どのようなものと交換できるのか調べてみると、交換のためのHPが複数共存していることがわかった。それぞれ交換商品もたくさんある。しつこいようだが「毎日が日曜日」なのであちこち見て回った。しばらくネットサーフィン(懐かしい言葉!)していると妙なことに気がついた。交換比率が良くないのである。1ポイントが1円ではない。さらに、同じ商品でもHPによって必要ポイントが違っている。一例を挙げると、マキタのインバーター発電機が次世代住宅ポイントのHPでは30万5千ポイントで交換と載っているが、同じものがアマゾンでは17万9千円で買え、ヨドバシでは14万1千円で買える。一番安い業者のHPでは13万2千円で販売されているのである。
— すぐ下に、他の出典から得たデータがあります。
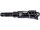 ROCKSHOX Federbein "SIDLuxe Ultimate 3P" 190 mm x 45 mm, Solo Air, Befestigung: Shaft Standard, Body No Bushing, inkl. Hardware (8 x 20), für Specialized Epic 8 Evo 2024+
アルコールは公定価格かと思ったら、楽天市場で4699円で売られているアサヒのスーパードライ(350ミリ24本)が次世代住宅ポイントでは7千ポイントとなっている。次世代住宅ポイントの交換比率の悪いこと!

ふるさと納税の返礼品に原価率30%の制約が付いているということは知っているが、この次世代住宅ポイントにそのような制約があるとはどこにも書いてない。もしも交換率が自由に設定できるのだとすると、この制度で商品を提供することを認められた業者は、場合によっては「濡れ手で粟」のもうけを手にすることができることになる。そんなことが許されるのか?

この次世代住宅ポイント制度には1300億円の予算が組まれたそうだが、交換率のカラクリで400〜600億円が消えてしまう勘定になる。その消えた分を手にしているのは誰なのか?商品を提供している業者?ポータルサイトを運営している会社?いずれにせよ、交付されるポイントの一部がが額面通りに通用するのではないことは明らかであり、この制度に群がる人たちの誰かを潤しているのではないか、とふと思ったのである。

4月30日に細立した補正予算の議論では10万円を配ることに注目が集まっていたが、「お魚券」や「お肉券」は消えたものの「Go to キャンペーン」が残ったことに注目し続ける必要があると感じた。